Generalized Regression (GREG) calibration estimator for ATE. GREG Estimator
Computes the Generalized Regression (GREG) calibration estimator for the
average treatment effect (ATE). This is the untuned calibration estimator
with tuning parameter \(\lambda = 1\). GREG, the original
Prediction-Powered Inference (PPI) estimator, and Design-based Supervised
Learning (DSL) are all the same untuned (\(\lambda = 1\)) estimator.

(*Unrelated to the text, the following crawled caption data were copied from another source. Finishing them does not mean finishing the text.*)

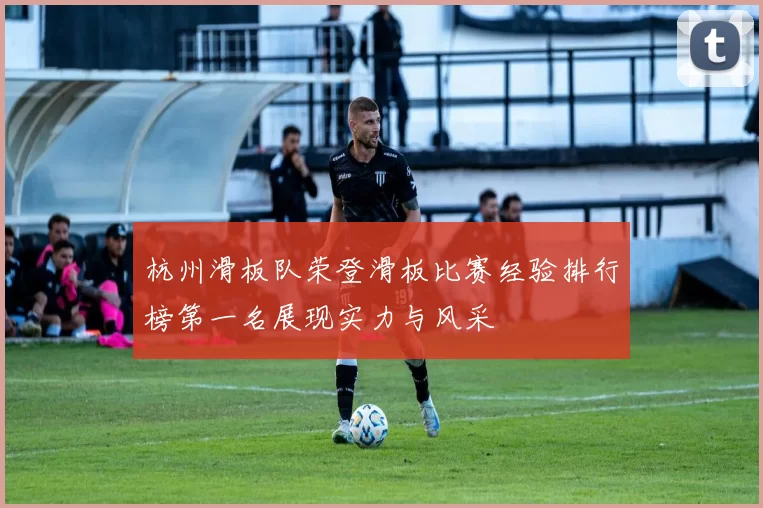 杭州滑板队荣登滑板比赛经验排行榜第一名展现实力与风采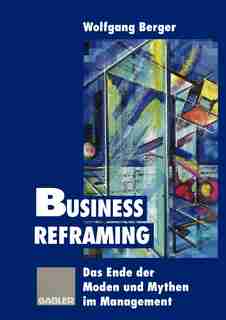 Business Reframing: Das Ende der Moden und Mythen im Management by Wolfgang Berger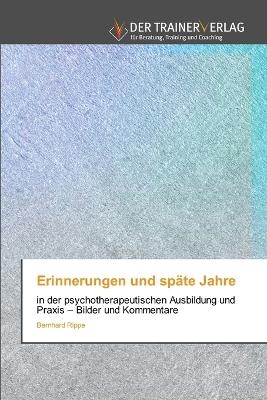 Erinnerungen und späte Jahre - Bernhard Rippe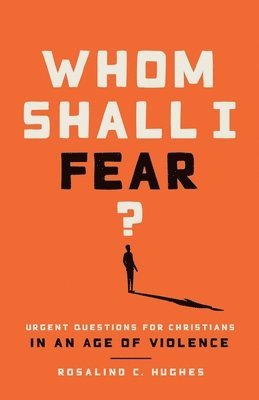 Rosalind C. Hughes, Rosalind C Hughes - Whom Shall I Fear?: Urgent Questions for Christians in an Age of Violence, Häftad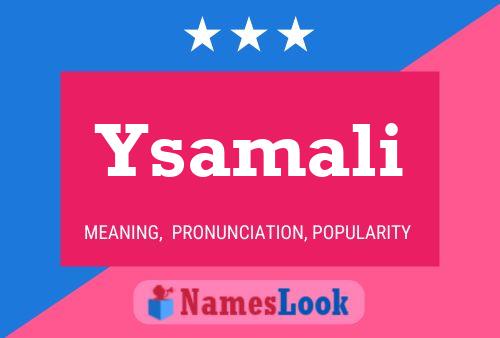 Ysamali Namensposter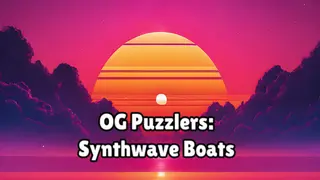 OG Puzzlers: Synthwave Boats
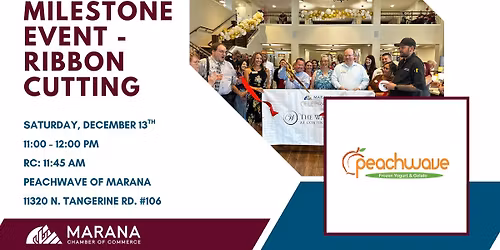 Ribbon Cutting - Peachwave of Marana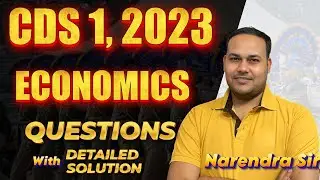 CDS 1 2023 ECONOMICS QUESTION DETAILED SOLUTION BY NARENDRA SIR #CDS12023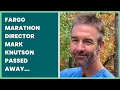 FARGO MARATHON DIRECTOR MARK KNUTSON PASSED AWAY SUNDAY MORNING AFTER A BICYCLE ACCIDENT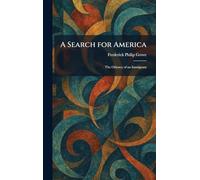 A Search for America: The Odyssey of an Immigrant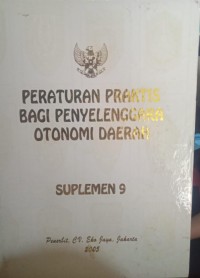 PERATURAN PRAKTIS BAGI PENYELENGGARA OTONOMI DAERAH SUPLEMEN 9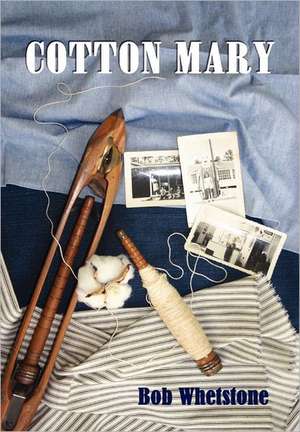 Cotton Mary de Bob Whetstone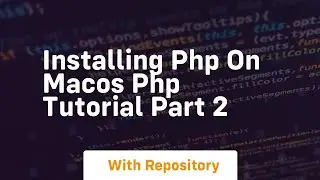 Installing php on macos php tutorial part 2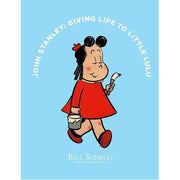 John Stanley: Giving Life to Little Lulu (Hardback)
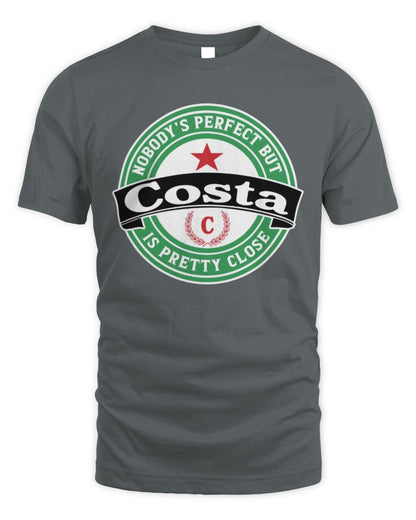 Nobody's Perfect But Your Name Is Pretty Close Heineken Beer T-Shirt COSTA M1-S85 / Unisex Standard T-Shirt / charcoal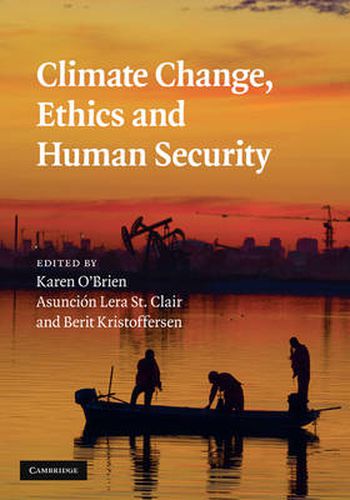 Cover image for Climate Change, Ethics and Human Security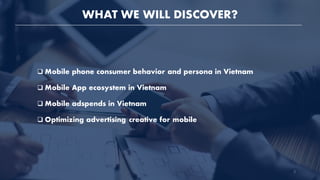 WHAT WE WILL DISCOVER?
2
q Mobile phone consumer behavior and persona in Vietnam
q Mobile App ecosystem in Vietnam
q Mobil...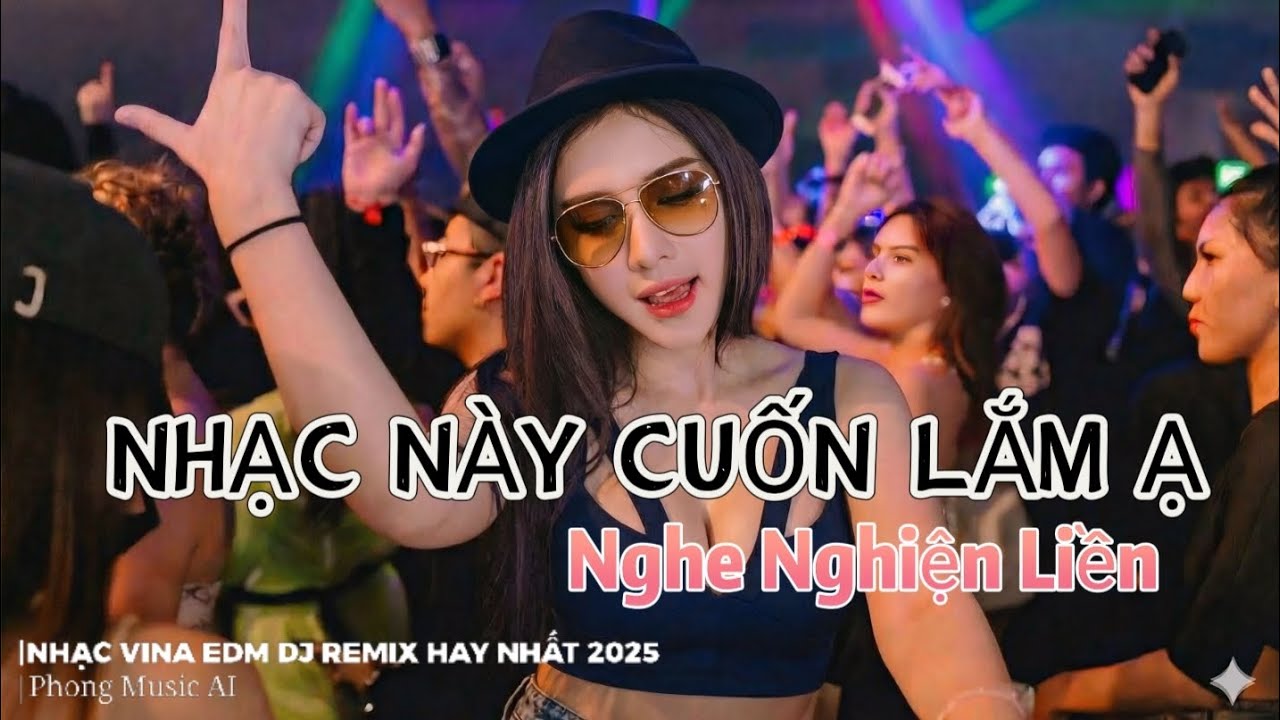🔥 Nonstop Vinahouse DJ Remix Nữ Hát Hay Nhất 2025 | Nhạc EDM Vinahouse Cực Gây Nghiện | Nghe Là Mê 🔥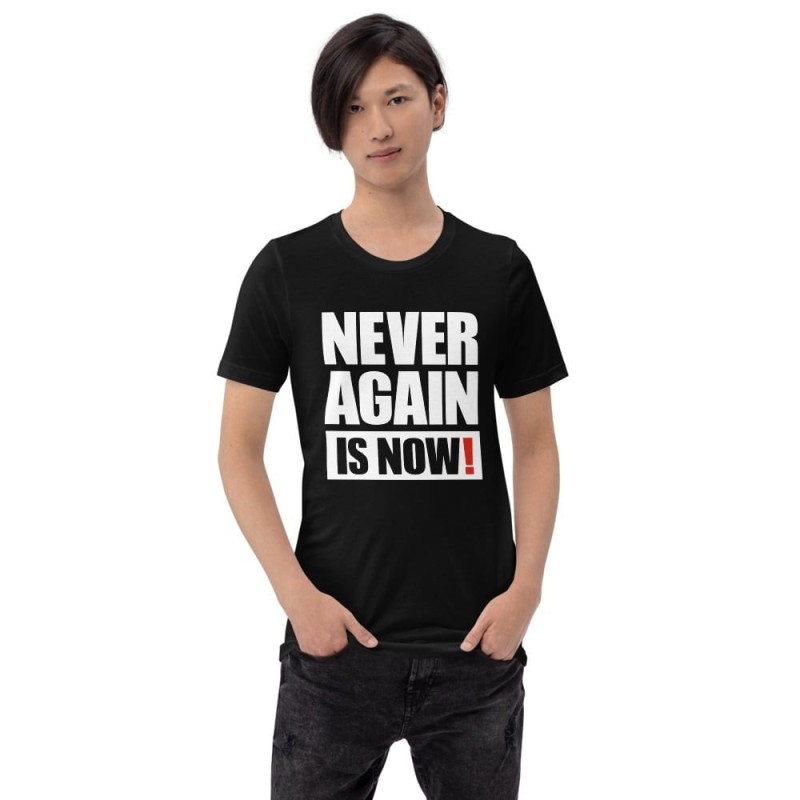 Never Again Is Now! Block Print T-Shirt - Unisex
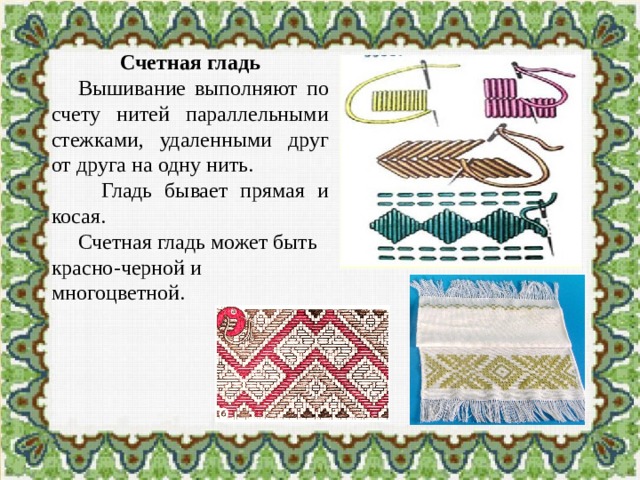 Счетная гладь  Вышивание выполняют по счету нитей параллельными стежками, удаленными друг от друга на одну нить.  Гладь бывает прямая и косая.  Счетная гладь может быть красно-черной и многоцветной. 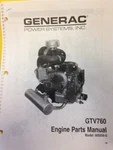 Dixie Chopper Generac Gtv 760 Engine Parts Manual Model 005056-0 ( BOX19E9). Fixed Price $9.95.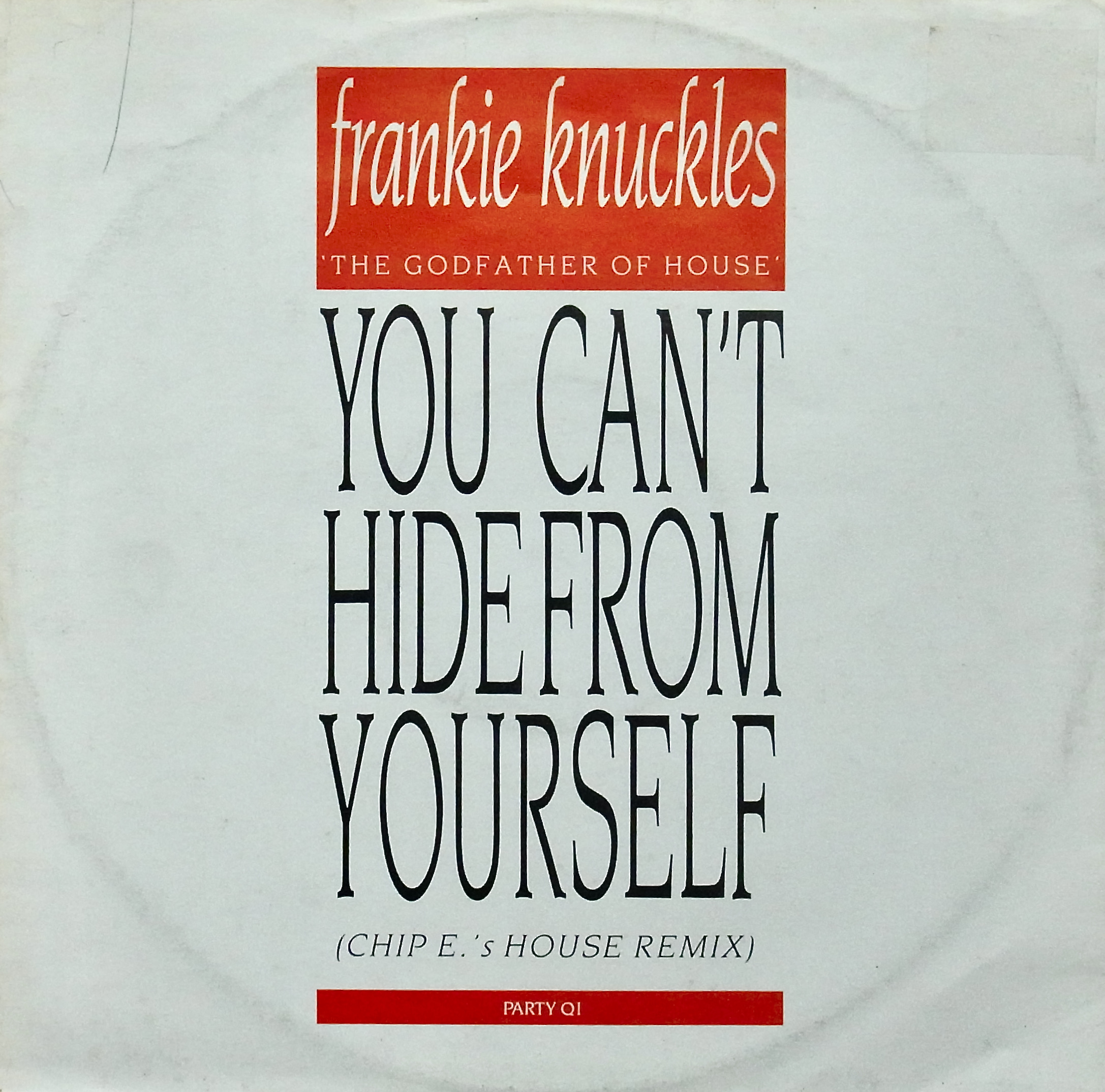 FRANKIE KNUCKLES / You Can't Hide From Yourself (Chip E.'s House Remix)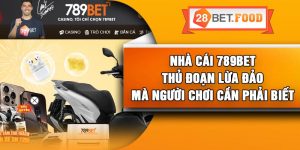 Nhà Cái 789Bet – Thủ Đoạn Lừa Đảo Mà Người Chơi Cần Phải Biết
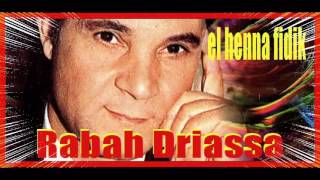 Rabah Driassa EL HENNA FIDIK رابح درياسة الحنة فيديك روعة [upl. by Abebi]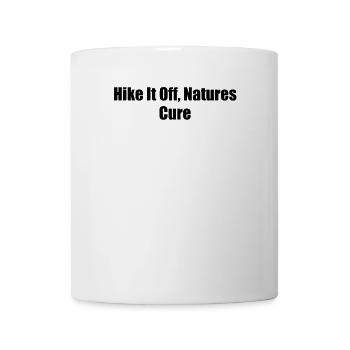 Randonnée pédestre - Hike It Off, Natures Cure - Mug blanc - blanc - Devant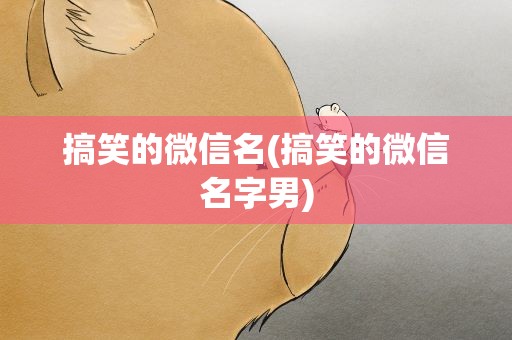 搞笑的微信名(搞笑的微信名字男)
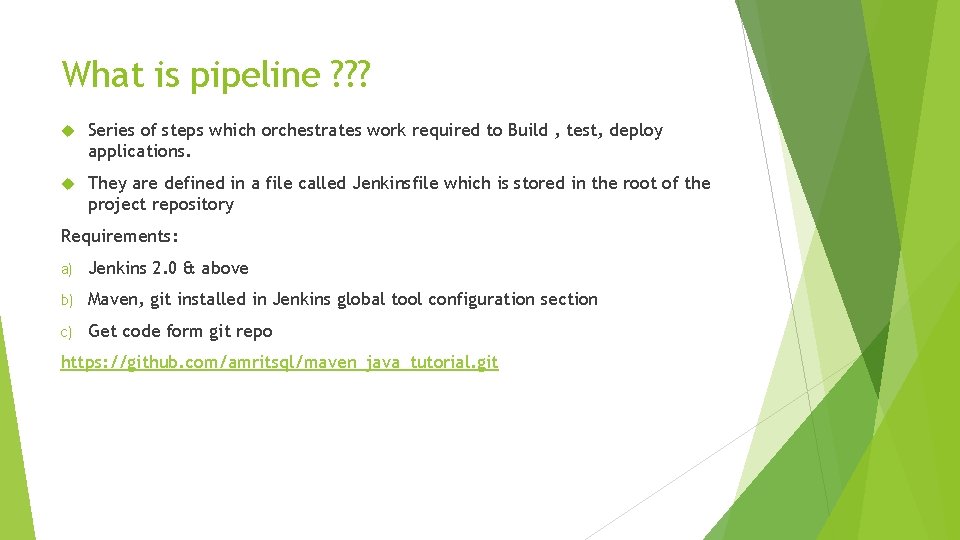 What is pipeline ? ? ? Series of steps which orchestrates work required to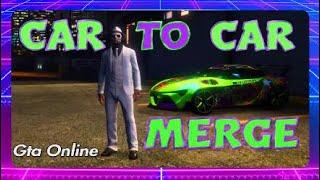 Gta Online Car To Car Merge! (Still Working) #gta#gtaonline#gtaupdate#gtamerge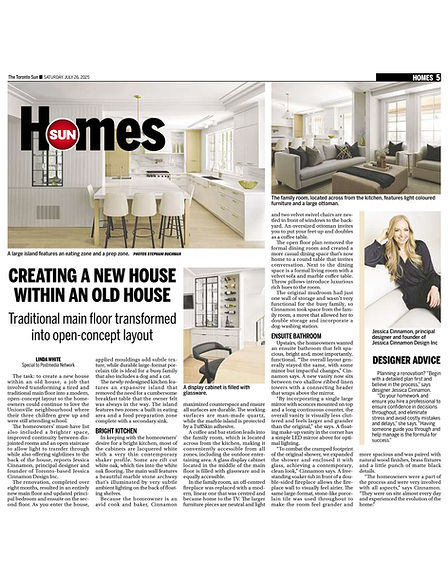 "Creating a New House Within an Old House — Traditional Main Floor Transformed into Open-Concept Layout"
In this Toronto Sun Homes feature, Jessica Cinnamon, principal designer and founder of Jessica Cinnamon Design Inc., is profiled on her transformation of a tired, traditional main floor in Unionville, Ontario into a bright, open-concept family home — removing the formal dining room, expanding sightlines to the back of the house, and introducing a beautifully redesigned kitchen with a large marble island featuring dual zones for eating and food preparation, man-made quartz working surfaces, and a glass display cabinet illuminated by a marble stone archway. Jessica also transformed the original mudroom into a double-storage family room with an integrated dog-washing station, redesigned the ensuite bathroom by expanding the shower and enclosing it with glass for a contemporary clean look, and replaced an off-centered fireplace with a modern linear unit that became the natural focal point of the family room — all while keeping the homeowners actively involved throughout every stage of the eight-month renovation. Her Designer Advice sidebar — advising homeowners to begin with a detailed plan, hire a professional, and have someone on site almost every day to catch and correct issues before they escalate — offers practical renovation guidance that applies to any large-scale home transformation across Toronto, Unionville, and the GTA. For homeowners considering a main floor renovation or open-concept transformation of an older home, this Toronto Sun feature is an inspiring and honest account of what thoughtful residential interior design can achieve.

It is
distinct from the power-tuned PPI++ estimator in msd_ppi, which
estimates \(\lambda\) via cross-fitting to minimize variance.
Usage
msd_greg(
formula_or_data,
data = NULL,
observed = NULL,
unobserved = NULL,
conf_level = 0.95
)Arguments
- formula_or_data
Either an msd_data object created by
msd_data, or a formula of the formoutcome ~ treatment | prediction. For GREG, the formula specifies which prediction column(s) to use.- data
If
formula_or_datais a formula, this should be either: an msd_data object, a combined dataframe, or NULL (if using observed/unobserved).- observed
If using formula with separate dataframes, the observed data.
- unobserved
If using formula with separate dataframes, the unobserved data.
- conf_level
Confidence level for the confidence interval (default 0.95)
Value
An msd_result object containing:
- estimate
Point estimate of the ATE
- variance
Estimated variance
- se
Standard error
- ci_lower, ci_upper
Confidence interval bounds
- method
Name of the estimation method
- lambda
Tuning parameter (always 1 for GREG)
Details
The GREG estimator for arm \(d\) is: $$\hat{\mu}_d^{GREG} = \bar{S}^{(d)}_{\mathcal{U}_d} + (\bar{Y}_{\mathcal{O}_d} - \bar{S}^{(d)}_{\mathcal{O}_d})$$
The ATE estimate is: $$\hat{\tau}^{GREG} = \hat{\mu}_1^{GREG} - \hat{\mu}_0^{GREG}$$
The variance is: $$\widehat{Var}(\hat{\tau}^{GREG}) = \sum_{d \in \{0,1\}} \left[\frac{s^2_{S^{(d)}}}{m_d} + \frac{Var(Y(d) - S^{(d)})}{n_d}\right]$$
Note
GREG requires predictions for each unit's assigned arm:
Treatment arm units need S1
Control arm units need S0
Examples
# Using msd_data object
obs_df <- data.frame(
Y = c(1.2, 1.4, 0.8, 0.6),
S0 = c(1.0, 1.2, 0.7, 0.5),
S1 = c(1.1, 1.3, 0.9, 0.7),
D = c(1, 1, 0, 0)
)
unobs_df <- data.frame(
S0 = c(1.1, 0.9, 1.0, 0.8),
S1 = c(1.2, 1.0, 1.1, 0.9),
D = c(1, 1, 0, 0)
)
msd <- msd_data(observed = obs_df, unobserved = unobs_df)
result <- msd_greg(msd)
# Using formula interface
result2 <- msd_greg(Y ~ D | S1 + S0, observed = obs_df, unobserved = unobs_df)